Advocates say drives reach many groups beyond Black, Latino and young adults who face barriers to voting. “Voter registration drives are really important across Indian Country,” said Jacqueline De León of the Native American Rights Fund. “Too many Native Americans simply are never asked the question, ‘Would you like to register to vote?'”
Registering online is not a viable option for some Americans. “A lot of our rural communities don’t even have broadband access. So how are they going to get registered to vote online?” said Tennessee’s Oliver.

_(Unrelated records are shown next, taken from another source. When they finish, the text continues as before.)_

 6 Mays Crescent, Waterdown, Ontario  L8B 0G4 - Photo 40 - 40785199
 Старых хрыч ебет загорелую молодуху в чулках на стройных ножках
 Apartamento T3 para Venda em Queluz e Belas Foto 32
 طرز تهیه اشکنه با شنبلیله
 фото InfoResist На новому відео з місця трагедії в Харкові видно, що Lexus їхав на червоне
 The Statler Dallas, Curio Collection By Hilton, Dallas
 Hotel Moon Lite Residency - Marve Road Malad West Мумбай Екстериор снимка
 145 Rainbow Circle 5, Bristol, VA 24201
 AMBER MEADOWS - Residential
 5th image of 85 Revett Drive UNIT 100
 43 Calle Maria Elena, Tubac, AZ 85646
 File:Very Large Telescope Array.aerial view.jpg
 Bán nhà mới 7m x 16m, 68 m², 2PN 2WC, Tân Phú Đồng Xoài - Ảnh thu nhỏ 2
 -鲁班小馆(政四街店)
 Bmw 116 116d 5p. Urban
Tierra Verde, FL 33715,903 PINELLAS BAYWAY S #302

Small shifts in voter registration could play a key role in what polls show is an exceedingly close presidential election. And the makeup of the electorate is poised to affect the down-ballot races that will determine who serves as governor, mayor, state supreme court justice and more in communities across the nation. In Florida, ballot measures on marijuana and abortion access could come down to small margins.
Not everyone who registers will vote. But anyone who doesn’t register can’t vote.
Voter registration drives “raise awareness,” said Scott, the supervisor of elections for Broward County’s 1.9 million residents. “They’ll be there, they’ll set up a table, and they’ll do their voter registration drive there, for folks who maybe aren’t being exposed to this idea that you need to get registered to vote.”